Today, throughout the world, around 218 million children work, many full-time under dire conditions. According to the recent estimate by ILO, around 152 million children are working as child labor in India out of which 72 million are trapped in the hazardous working environment. Under the National Child Labour Project, over 58,000 children were rescued across India.
“When the lives and the rights of children are at stake, there must be no silent witnesses.” – Carol Bellamy.
Khem Lal Khaterji was also once a child laborer, who today works with SAANS rescuing others from the same fate.
Khem Lal Khaterji was only six years old when he was forced into slavery. He was one of those kids who are born into slavery. At an age where children barely learn to eat their own food, Khaterji was forced to work for hours a day under severe conditions. His parents were construction site workers and worked on daily wages. They could barely meet end needs, thus by the time Khaterji learned how to walk properly, he too began working alongside his parents.

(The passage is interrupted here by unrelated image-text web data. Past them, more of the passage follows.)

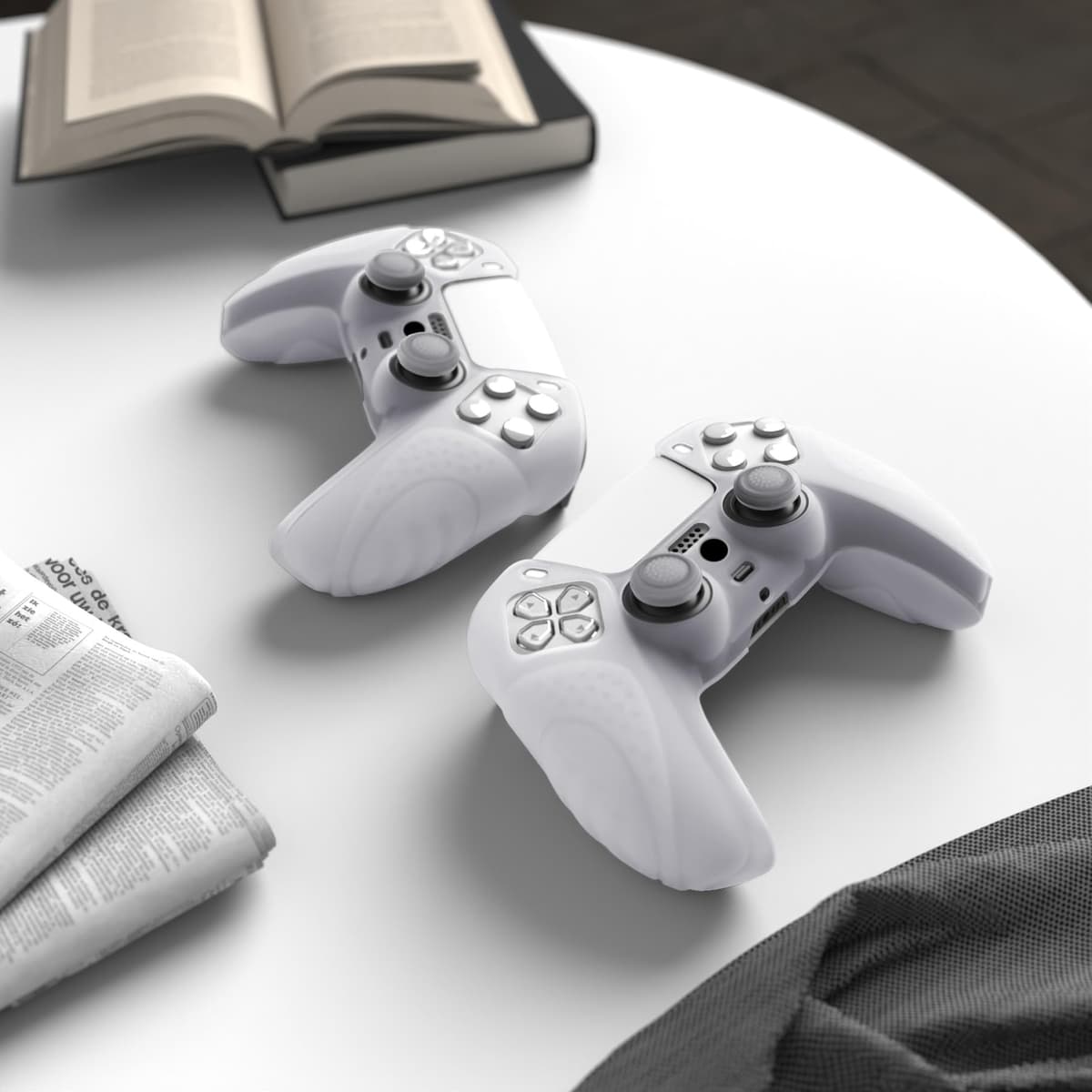 eXtremeRate PlayVital Guardian Edition Clear White Ergonomic Soft Anti-Slip Controller Silicone Case Cover for ps5, Rubber Protector Skins with Clear White Joystick Caps for ps5 Controller — view 2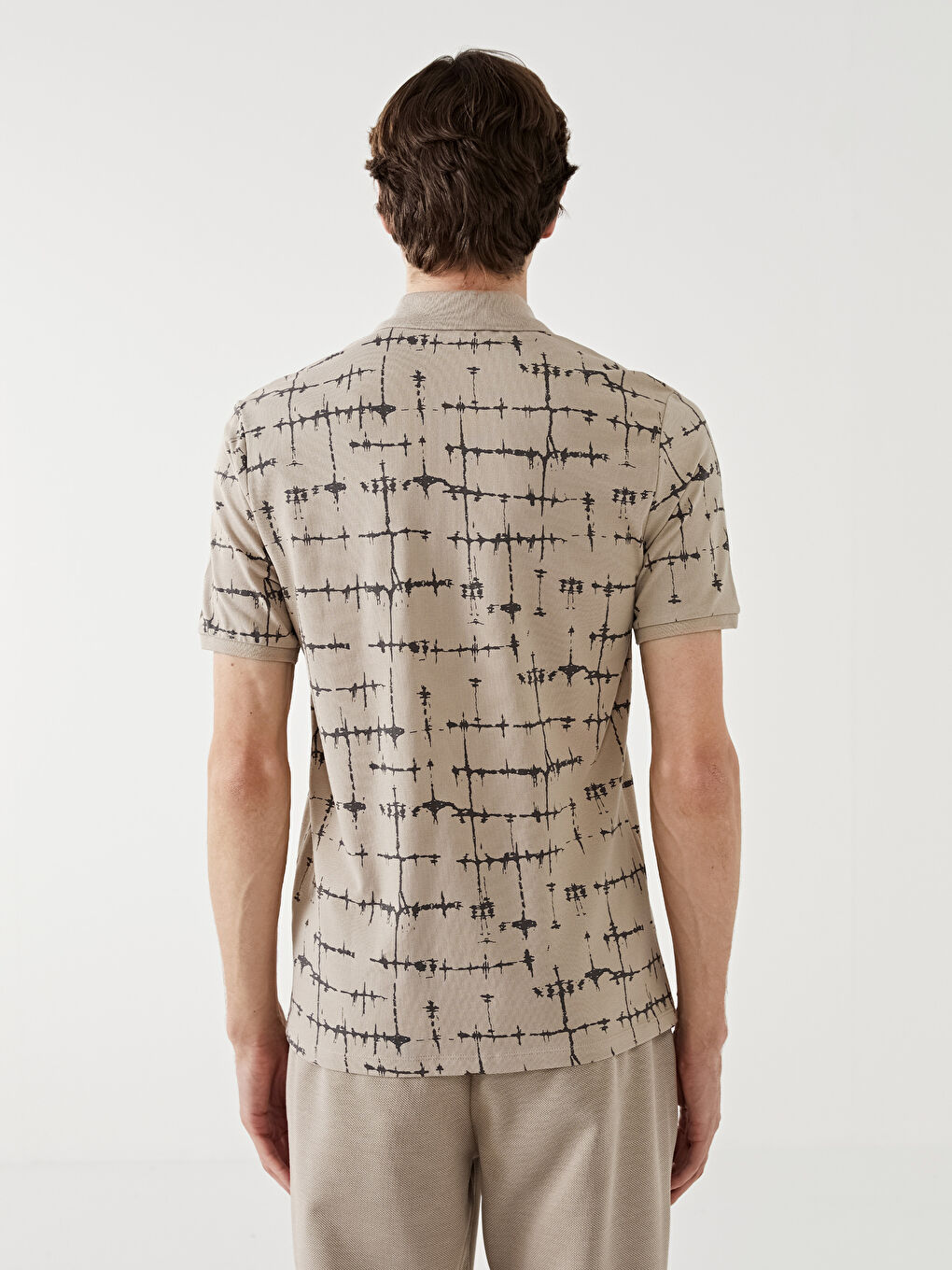 Polo Neck Short Sleeve Patterned Pike Men's T-shirt -S4OG00Z8-HZZ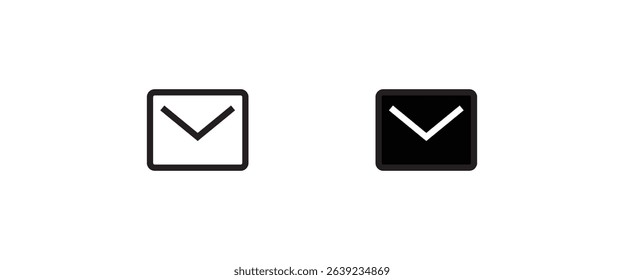 Mail icon, Email envelope icons button, vector, sign, symbol, logo, illustration, editable stroke, flat design style isolated on white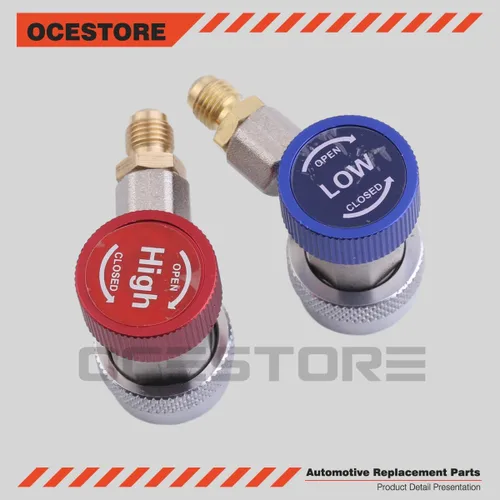 Miniatura 6 de OCESTORE Ajustable para conector de acoplador rápido R134A, kit de conversión de manguera de manómetro de freón SAE HVAC de 1/4 pulgadas SAE HVAC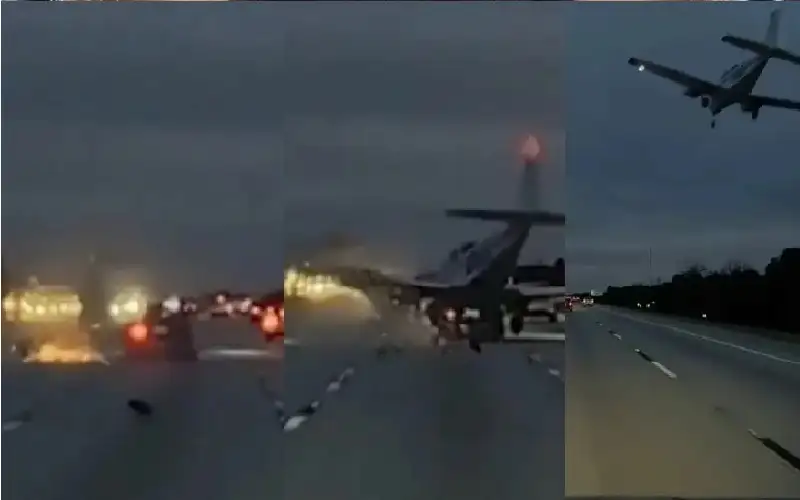 طائرة تهبط اضطراريا وتصطدم بسيارة على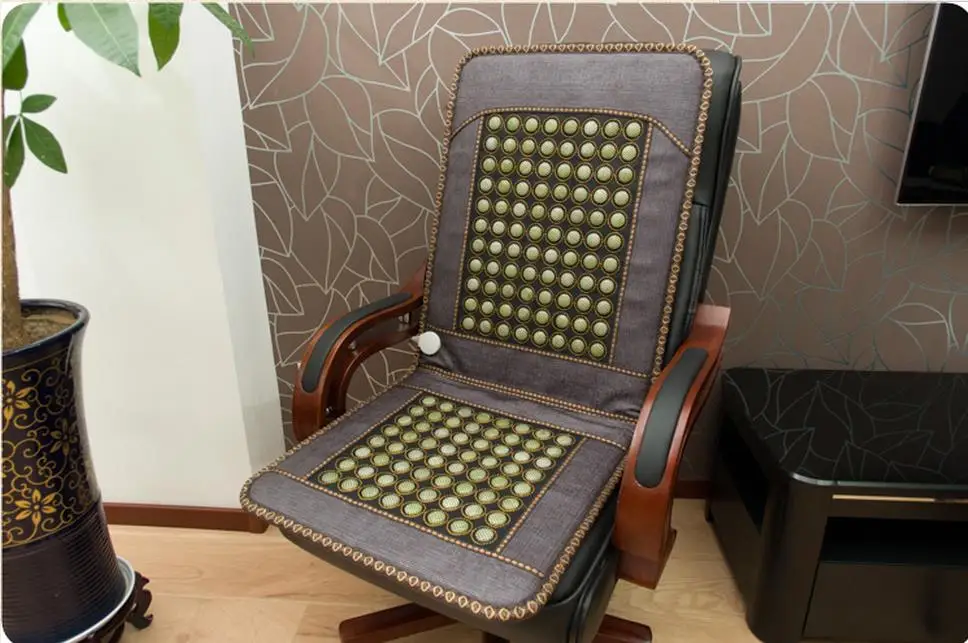 New jade cushion germanium stone boss chair cushion electric heating heating cushion cushion for leaning on of the office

On one occasion, his parents were sold from one contractor to another and thus they shifted from Chhattisgarh to Meerut, Uttar Pradesh. They lived in an environment, where they were not even able to raise their voices for basic human needs. His father was already in debt thus he couldn’t afford to buy his family’s freedom. They were now enslaved to a new master.

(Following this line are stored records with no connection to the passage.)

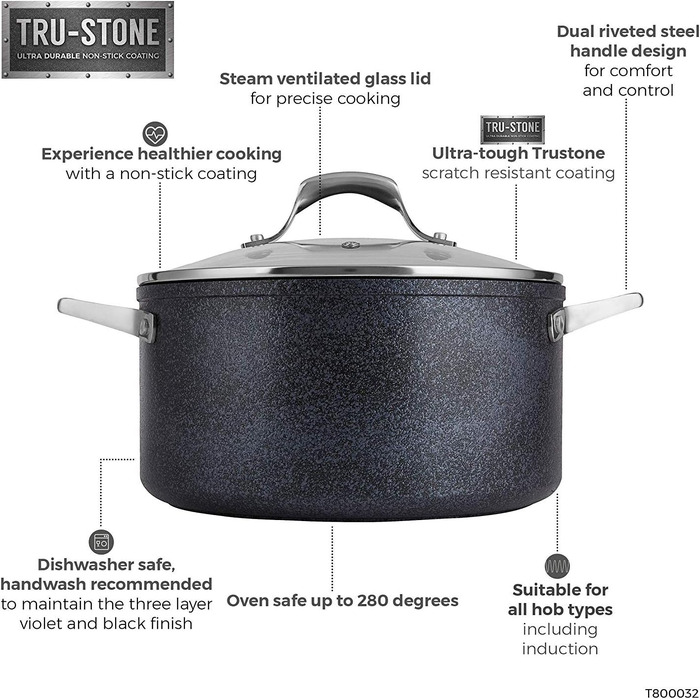 Набір сковорідок Tower TruStone Aluminium Violet Black, 3 предмети (Форма для запікання)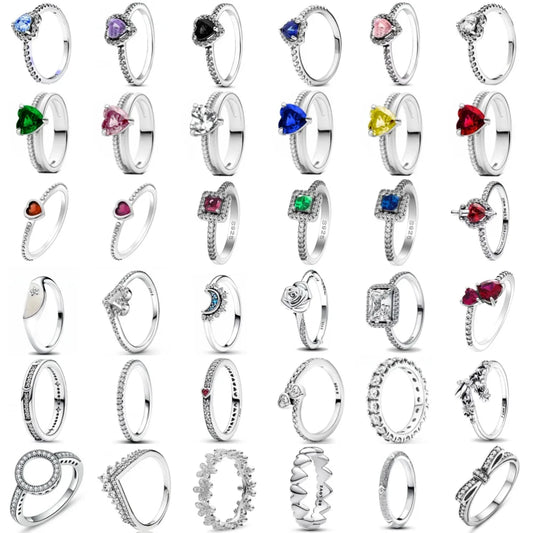 925 Sterling Silver Red Pink Blue Green Heart Stone Size 6 7 8 9 European Daisy Ring Rings Wedding Fashion Fine Jewelry Women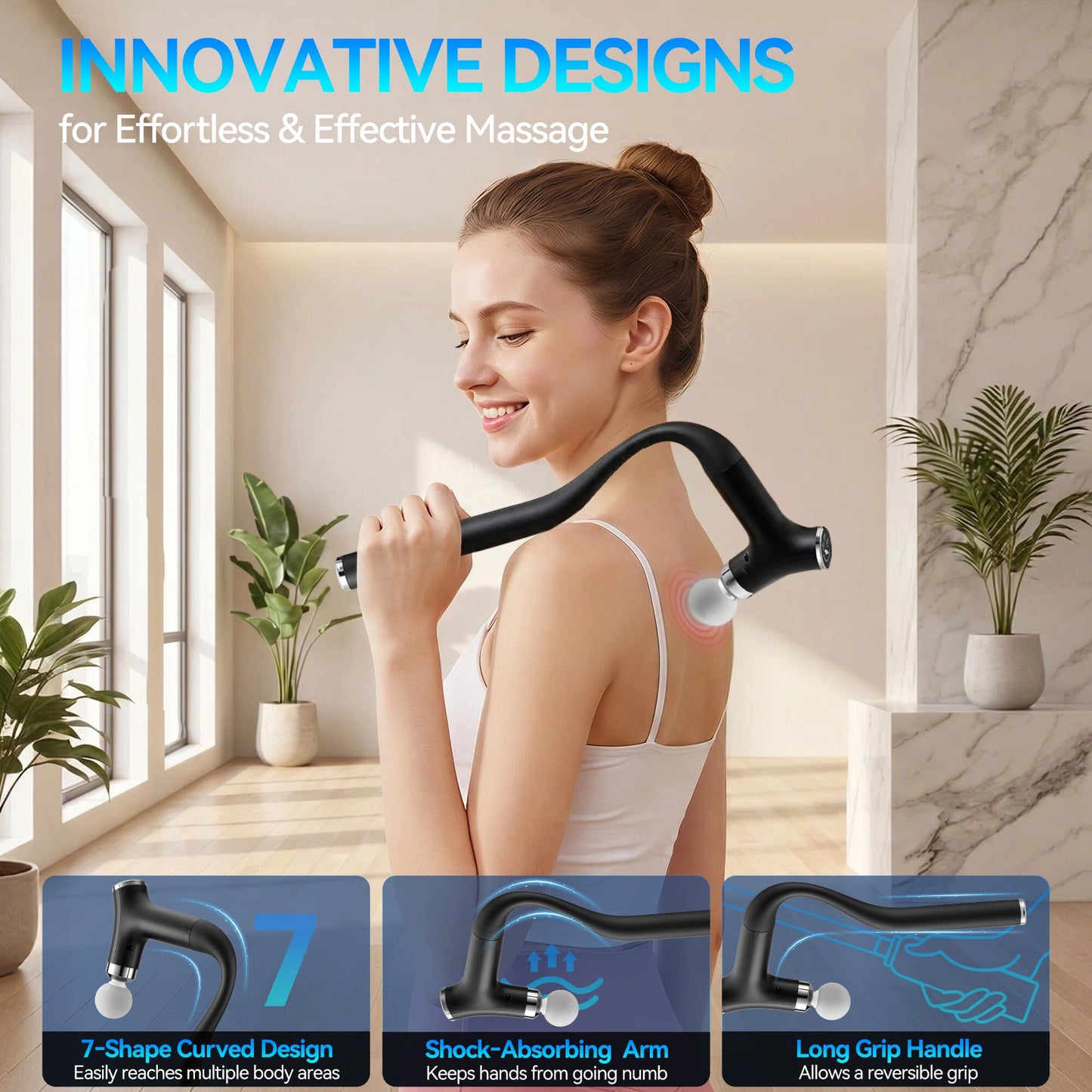 BOZKOON 2-in-1 Detachable Massage Gun Deep Tissue, Ergonomic Extension Handle Back Massager for Hard-to-Reach Areas, 12-Speed Percussion Muscle Massager for Shoulder Waist Thigh Legs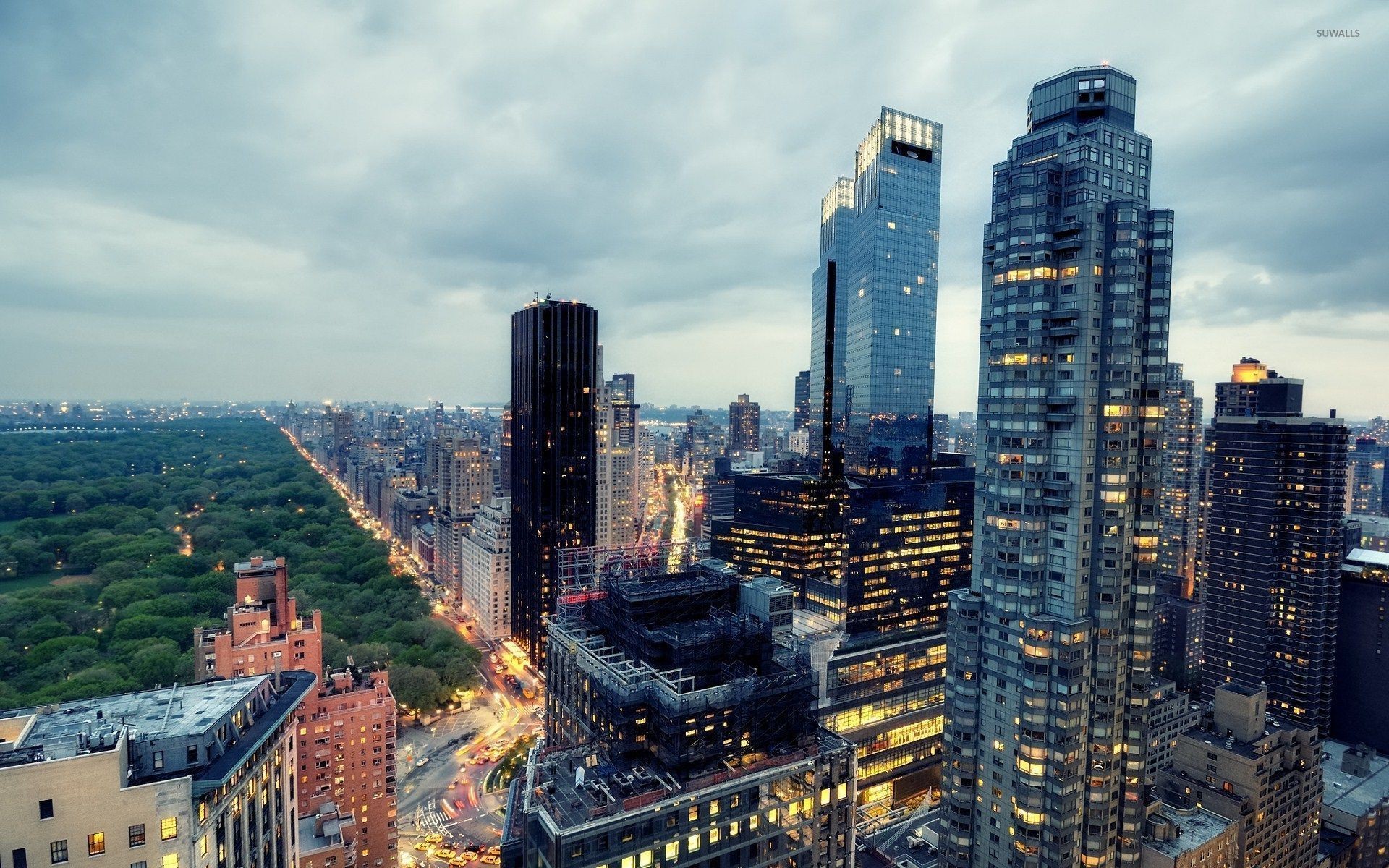 Central Park, Manhattan, Grattacieli, Vista dall'alto, Full HD, wallpaper per portatile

They were expected to toil and make 1,500 bricks each day. They worked continuously all the while being exposed to smoke and dust on a daily basis, due to which his father soon caught cholera. Though their new master did provide them money for treatment, they were also drowned in more debt, making it nearly impossible to break the shackles of slavery.

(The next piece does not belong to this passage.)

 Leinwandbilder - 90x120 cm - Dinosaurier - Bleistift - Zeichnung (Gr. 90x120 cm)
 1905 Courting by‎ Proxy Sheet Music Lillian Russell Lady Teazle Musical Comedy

“We had nothing to show for ourselves despite working so hard. No ration card, no access to clean drinking water, and not even a proper roof over our heads. We lived in such tiny spaces and were for all practical purposes slaves.” says Khem Lal Khaterji in an interview with The Better India.
But despite growing up in extreme conditions, Khaterji’s father always told him to study. He would often counsel Khaterji to study hard so that one day he could live a life of dignity and freedom. Khaterji understood this fact and started working very hard. He would find ways to escape from work and attend school. For a while, it did manage well but once he was caught by the contractor, and what happened later was beyond human imagination.
Khaterji was just a 13-year-old child who wanted to study but his master was against that. The contractor heated up a large spoon and stuck it on his cheek. He was begging to let go however the contractor denied doing so. This was just the beginning of Khaterji’s abuse. From there on, he was beaten frequently and made to work for almost 18 hours a day. Very often he was not even paid.
Once he hit his mother and at that very moment Khaterji decided to leave school and do exactly as told. For the next three years, Khaterji and his family continued working as slaves before they were finally rescued by an NGO working in the area.
For the first time in his life, Khaterji experience humane behavior. They were treated with kindness and provided with comfortable conditions. They were sent back to their village and his father used the relief funds to buy a toffee-making machine while Khaterji worked hard and enrolled in a college. Khaterji obtained a Masters’s in Social Work degree from Kalinga University.
After his graduation, the 27-year-old Khaterji is now working full-time to save others from the same plight. Initially, he started working with the same NGO that saved him and worked hard to aware people of the evils of bonded laborers and human trafficking. He is also educating such people about their rights. In this process of rescuing others, Khaterji has finally found a way of healing himself.
In 2020, along with other survivors of human trafficking, he formed an organization called Shramik Adhikar Aur Nyaya Sangathan (SAANS). Through this organization, he is rescuing other people and helping them lead better lives. Recently, he rescued 12 laborers from Pathankot, Punjab. Khaterji is now working closely with the government to draft an anti-trafficking bill. SAANS is a part of the Indian Leadership Forum Against Trafficking, which is advocating the government for a comprehensive Anti-Trafficking Bill.
Khem Lal Khaterji is living on his motto, ‘When we know better, we need to do better’, and that’s what keeps him going.